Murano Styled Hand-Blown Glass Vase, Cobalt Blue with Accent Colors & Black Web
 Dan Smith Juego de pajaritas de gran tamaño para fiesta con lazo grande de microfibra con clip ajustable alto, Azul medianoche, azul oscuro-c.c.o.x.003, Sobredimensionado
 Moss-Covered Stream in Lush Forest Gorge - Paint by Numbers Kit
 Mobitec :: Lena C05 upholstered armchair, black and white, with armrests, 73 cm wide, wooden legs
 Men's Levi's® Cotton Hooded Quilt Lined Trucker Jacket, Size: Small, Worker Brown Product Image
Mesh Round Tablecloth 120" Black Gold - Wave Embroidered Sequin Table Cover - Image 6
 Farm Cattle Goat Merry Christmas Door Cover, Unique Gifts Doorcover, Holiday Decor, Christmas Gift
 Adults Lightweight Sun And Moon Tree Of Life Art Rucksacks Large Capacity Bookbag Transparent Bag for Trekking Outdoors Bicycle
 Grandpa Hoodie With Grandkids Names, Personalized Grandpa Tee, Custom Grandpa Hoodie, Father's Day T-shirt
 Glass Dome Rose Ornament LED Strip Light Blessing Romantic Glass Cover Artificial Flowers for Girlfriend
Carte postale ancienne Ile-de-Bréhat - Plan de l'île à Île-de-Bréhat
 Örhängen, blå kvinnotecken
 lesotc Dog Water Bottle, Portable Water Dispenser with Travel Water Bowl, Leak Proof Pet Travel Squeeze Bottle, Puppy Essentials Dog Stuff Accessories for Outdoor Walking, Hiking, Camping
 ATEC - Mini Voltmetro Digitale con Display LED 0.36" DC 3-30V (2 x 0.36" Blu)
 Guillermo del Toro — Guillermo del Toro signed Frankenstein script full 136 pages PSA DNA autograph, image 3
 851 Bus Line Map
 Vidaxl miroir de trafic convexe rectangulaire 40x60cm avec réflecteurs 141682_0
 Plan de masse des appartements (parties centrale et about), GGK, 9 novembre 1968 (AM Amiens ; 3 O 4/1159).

————

__WHAT TO DO__:
All that is wanted is a faithful reproduction of the line above with "Mesh Round Tablecloth", the line with "ATEC - Mini", and every line in between.

__ANSWER TO THIS EXERCISE__:
Mesh Round Tablecloth 120" Black Gold - Wave Embroidered Sequin Table Cover - Image 6
 Farm Cattle Goat Merry Christmas Door Cover, Unique Gifts Doorcover, Holiday Decor, Christmas Gift
 Adults Lightweight Sun And Moon Tree Of Life Art Rucksacks Large Capacity Bookbag Transparent Bag for Trekking Outdoors Bicycle
 Grandpa Hoodie With Grandkids Names, Personalized Grandpa Tee, Custom Grandpa Hoodie, Father's Day T-shirt
 Glass Dome Rose Ornament LED Strip Light Blessing Romantic Glass Cover Artificial Flowers for Girlfriend
Carte postale ancienne Ile-de-Bréhat - Plan de l'île à Île-de-Bréhat
 Örhängen, blå kvinnotecken
 lesotc Dog Water Bottle, Portable Water Dispenser with Travel Water Bowl, Leak Proof Pet Travel Squeeze Bottle, Puppy Essentials Dog Stuff Accessories for Outdoor Walking, Hiking, Camping
 ATEC - Mini Voltmetro Digitale con Display LED 0.36" DC 3-30V (2 x 0.36" Blu)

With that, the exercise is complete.